THE DATA: Begin

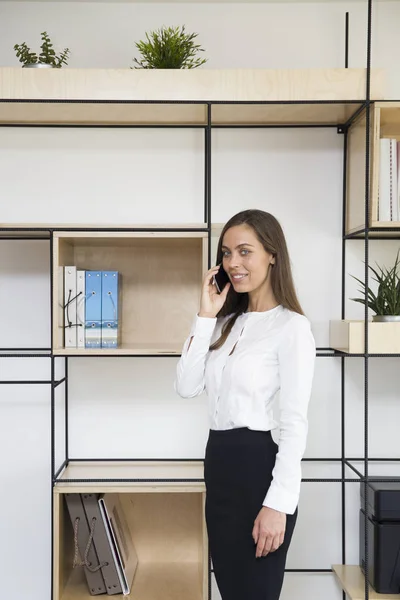 Ung Affärskvinna Som Bär Vit Skjorta Med Moderna Smartphone Moderna — Stockfoto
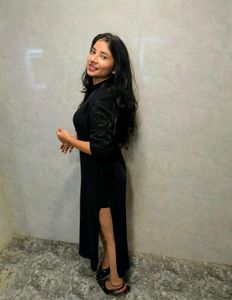 Elegant Black Midi Dress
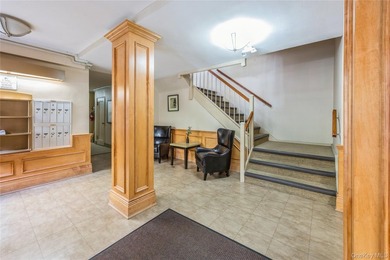 **Beautiful Two-Bedroom Co-Op in New Rochelle Near Iona - photo 4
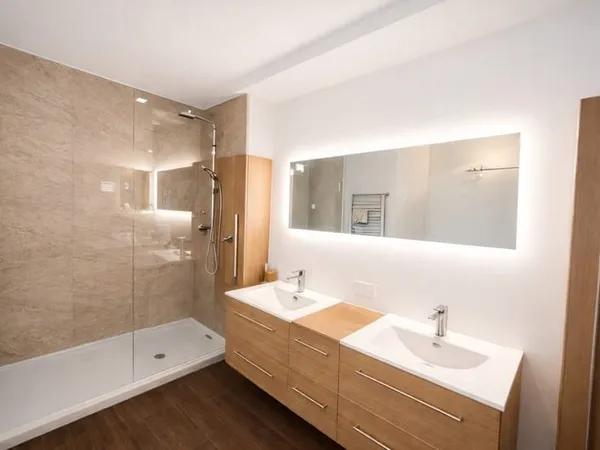 Appartement lumineux avec balcon Vieux Saint-Maur 56 m2
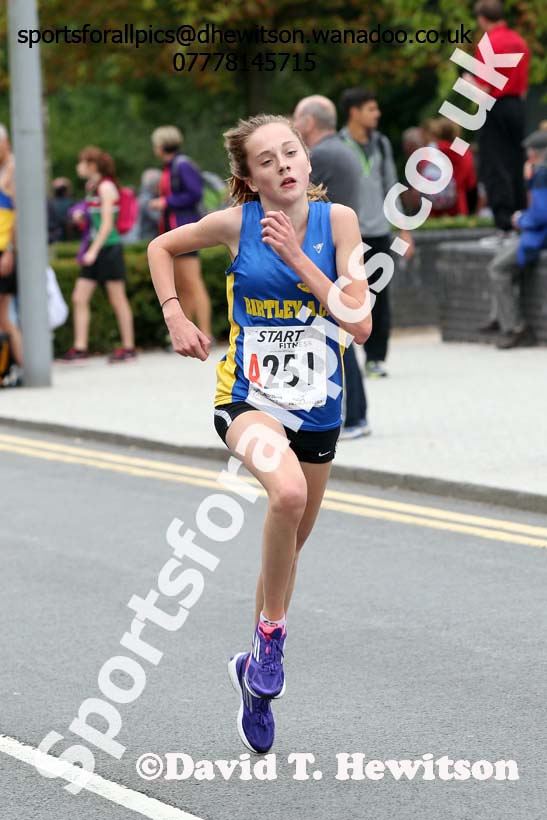 Womens under-17s Northern Road Relays, Warrington. Photo: David T. Hewitson/Sports for All Pics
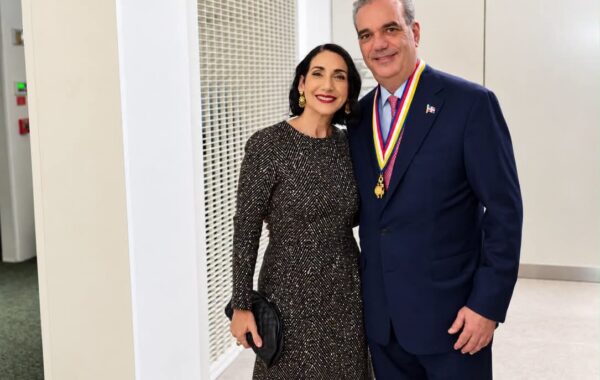 Raquel Arbaje destaca reconocimiento internacional recibido por Luis Abinader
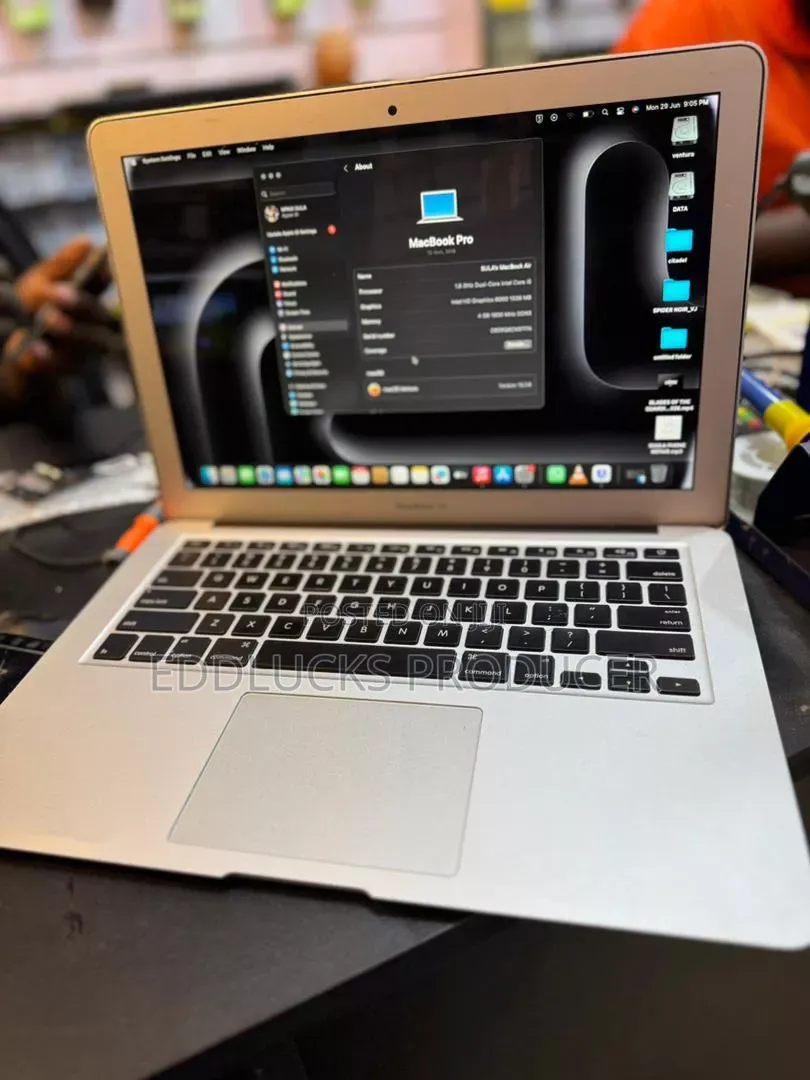 Laptop Apple MacBook Air 4GB Intel Core i5 SSHD (Hybrid) 128GB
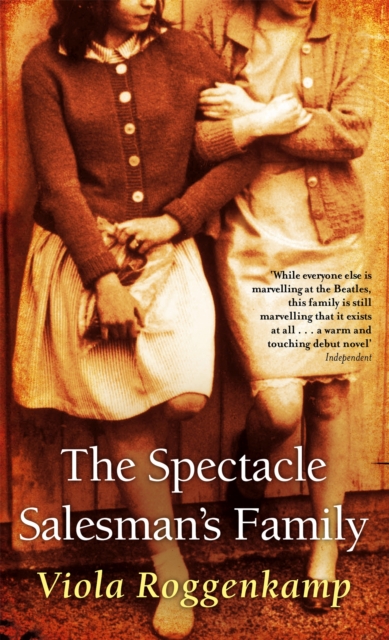 The Spectacle Salesman's Family, Paperback / softback Book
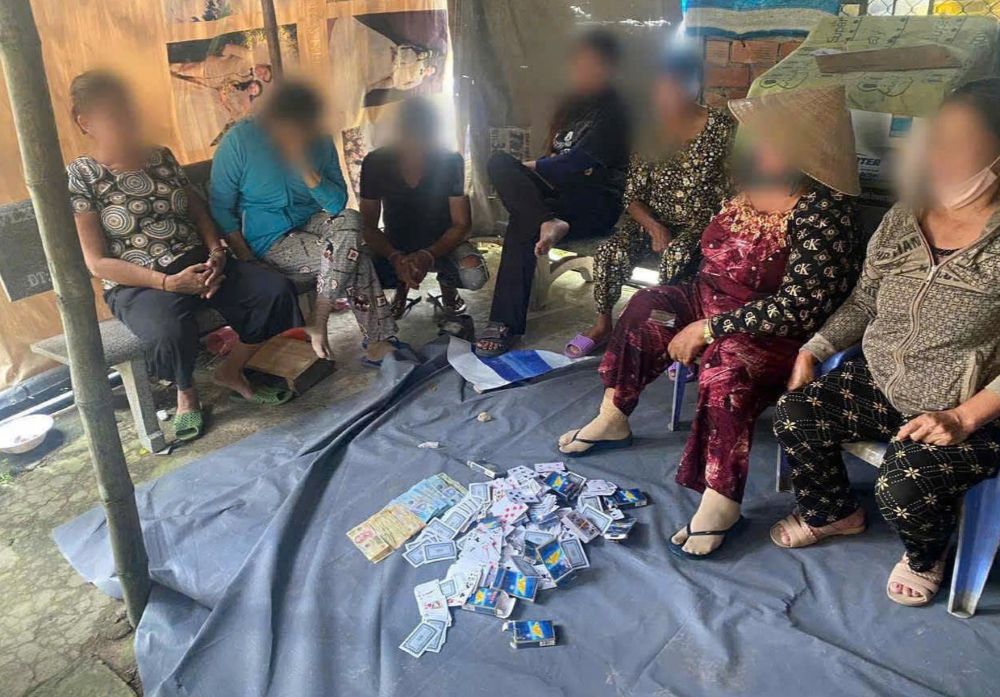 Can Tho시 An Ninh Brown 코뮌에 있는 Tran Thi T.K 여사의 집에서 발생한 도박 현장. An Ninh 코뮌 경찰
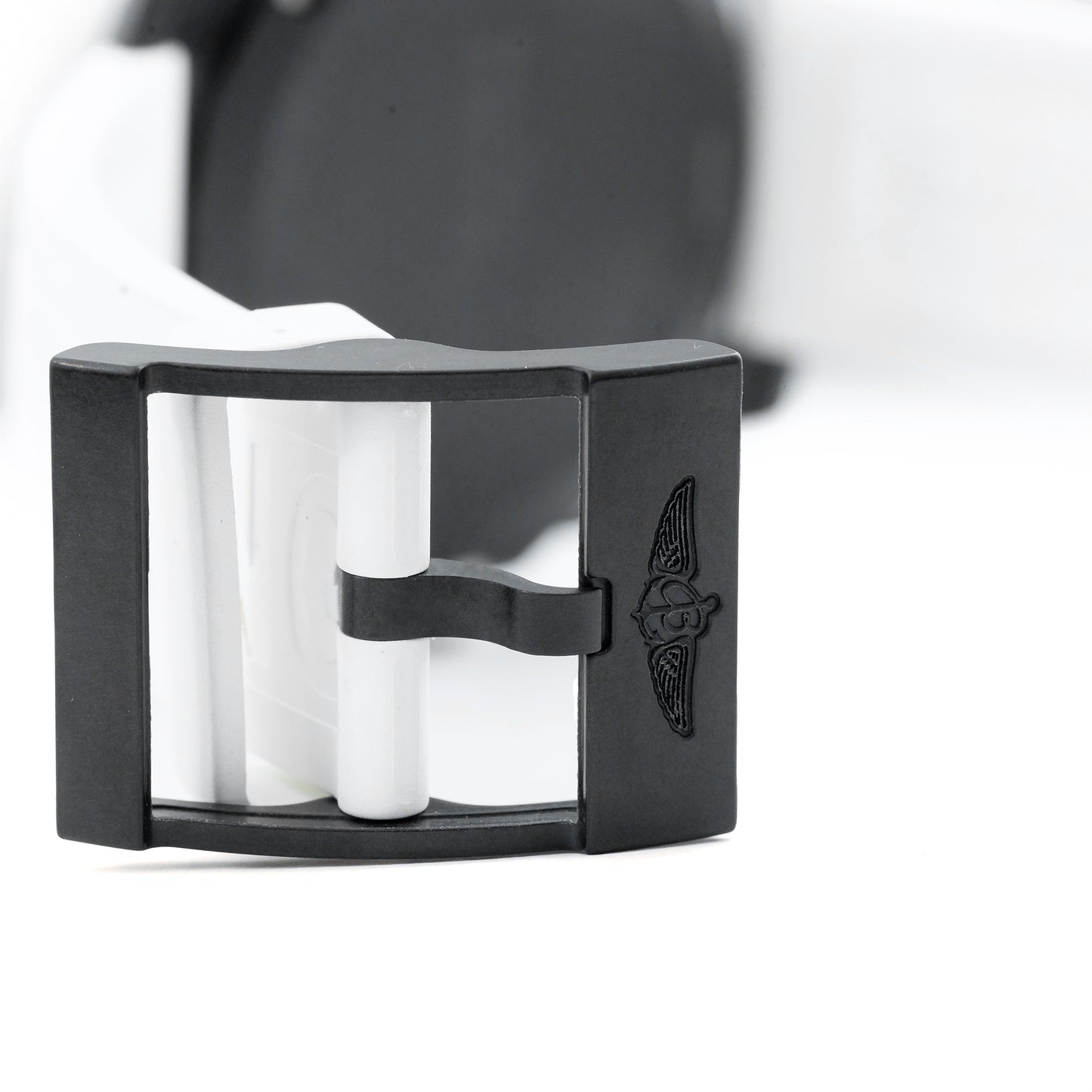 Breitling Endurance Pro x 44mm White 2022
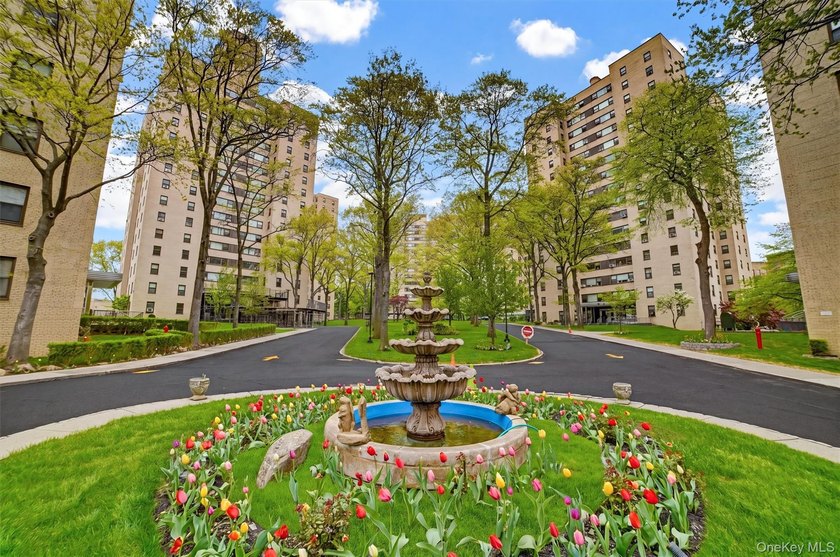 Welcome to 1 Fordham Hill Oval, Apartment #12A - a bright and - photo 2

THE DATA: End

WHAT NEEDS TO BE DONE:
Starting at the line that holds "Can Tho시 An", reproduce each line through the last one of the listing, and nothing more; the pictures stay out.

OUTPUT FOR THIS EXERCISE:
 Can Tho시 An Ninh Brown 코뮌에 있는 Tran Thi T.K 여사의 집에서 발생한 도박 현장. An Ninh 코뮌 경찰
 Breitling Endurance Pro x 44mm White 2022
 Welcome to 1 Fordham Hill Oval, Apartment #12A - a bright and - photo 2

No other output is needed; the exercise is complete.